Closed bryce-turner closed 3 years ago
Hi @bryce-turner thanks for reaching out. I am looping @lalexandrov1018 in for responding to this one.
Currently, all mutational signatures on COSMIC (and in SigProfiler tools) have been derived from human cancers or human normal somatic tissues. These human signatures have also been lifted to several other species (mice, rats, etc.) and they can be utilized using SigProfilerExtractor. However, it is important to note that these are NOT mouse mutational signatures but rather human signatures lifted to the mouse genome. For example, signatures SBS2 and SBS13 are commonly attributed to APOBEC3A/B which do not exist in mice. As such, it is highly unlikely to observe signatures SBS2 and SBS13 in mouse genomes. The reference set of mutational signatures can be downloaded from https://cancer.sanger.ac.uk/signatures/downloads/
We do not have a version for dog but you can renormalize the human signatures to the dog genome's trinucleotide frequency. Again, note that these will not be dog signatures but renormalized human signatures. SigProfilerExtractor has a decomposition function which allows passing a reference matrix for decomposition.

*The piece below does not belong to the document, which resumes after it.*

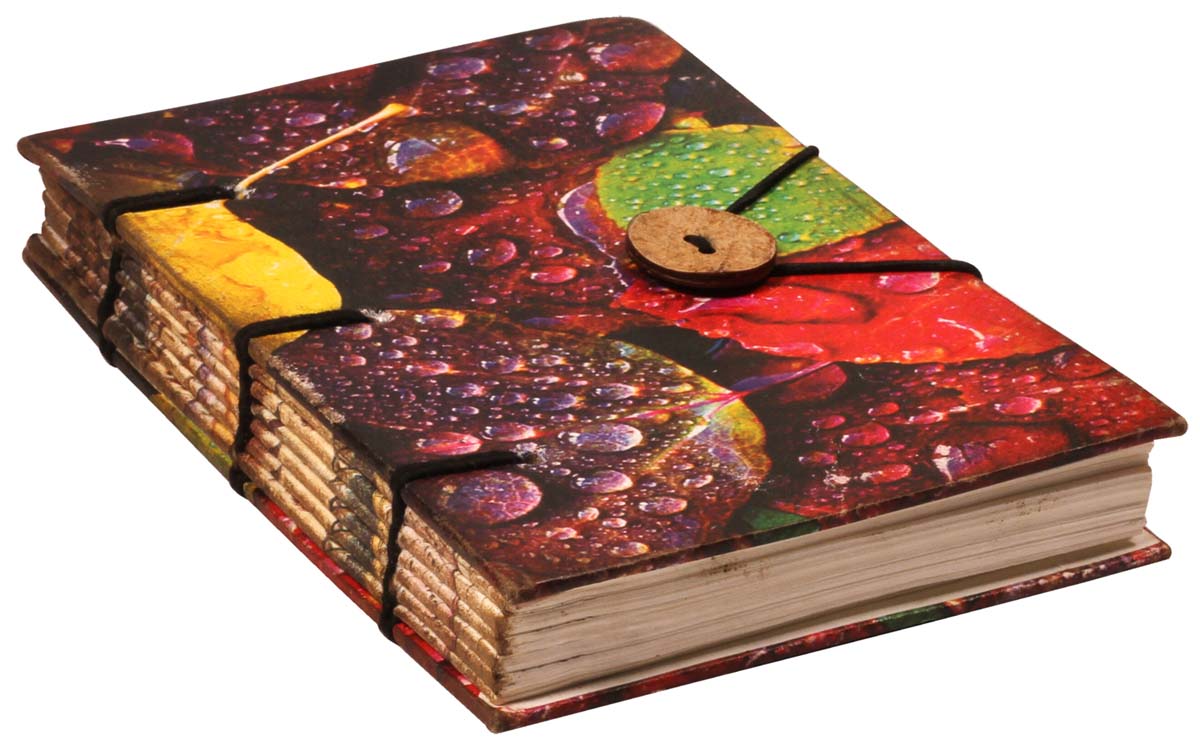 8” Wholesale 'Dew Drops’ Journal / Writing Diary in Hardcover with Handmade Papers – Colorful Digital Print – Creative Notebooks / Gifts from India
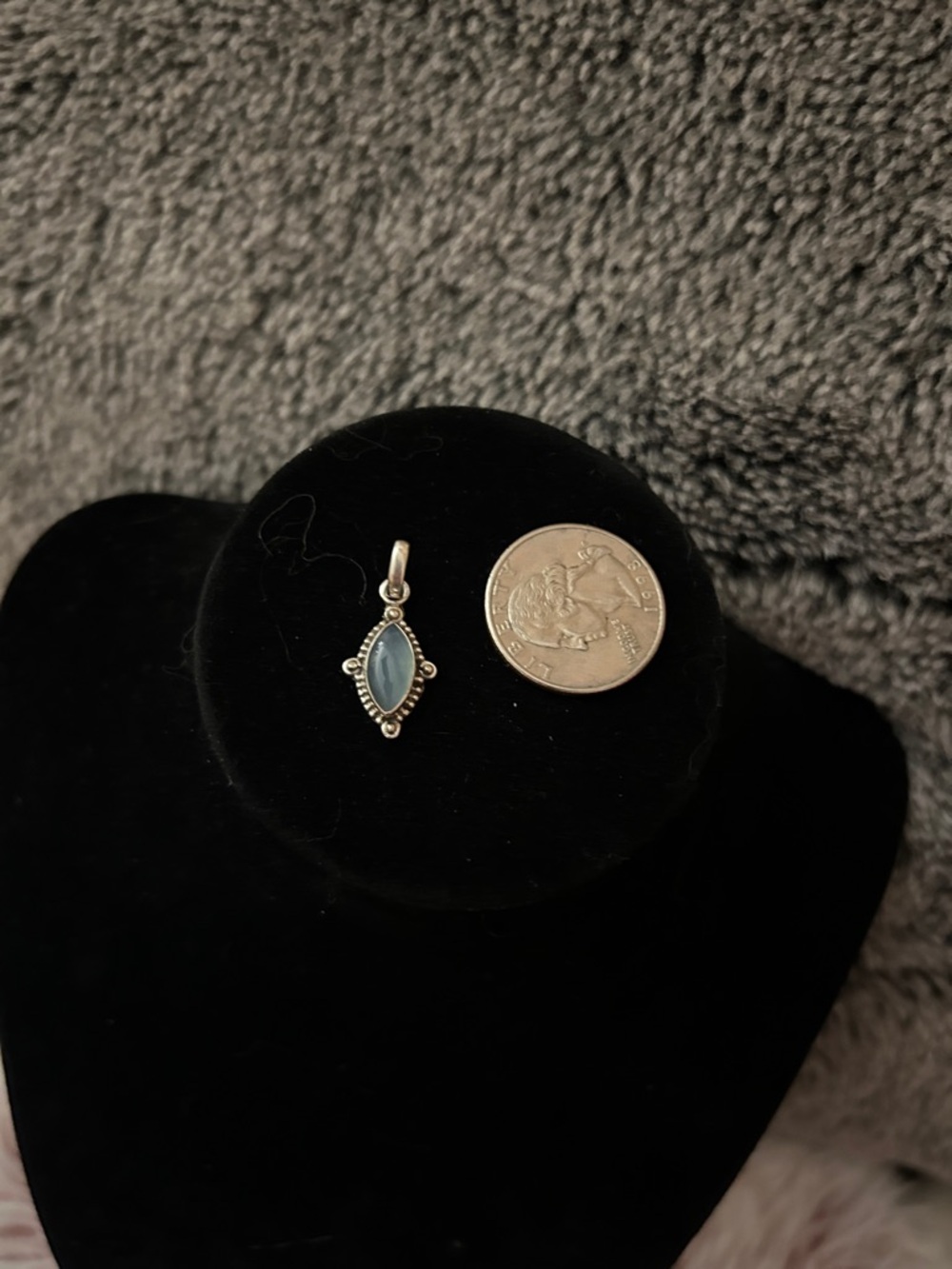 Vintage 925 Sterling Silver Marquise Drop Pendant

Lastly, your point about the code above being dangerous is well taken. We will work on fixing this in the next release of the tool.
Thank you @lalexandrov1018 for the explanation!
Apologies if this is defined elsewhere already, but how would one go about creating a custom signature database? Or more specifically can we apply the known values from COSMIC to a different species?
For example SigProfilerMatrixGenerator supports dog (CanFam3.1), however downstream tools like SigProfilerExtractor do not fully support this. It looks like the limitation is when we are decomposing the de novo signatures, which is reliant on data files in the install directory. This makes sense based on what is available on COSMIC.
Noting a relevant code block that could be making some dangerous defaults for contexts other than SBS96: https://github.com/AlexandrovLab/SigProfilerExtractor/blob/b33d9d7101302eafb7d44379694979fa3e2fa7c4/SigProfilerExtractor/subroutines.py#L1095-L1140
Since the mutational signature profiles should be more or less the same across species, is there a script or tool for lifting these profiles across different genomes?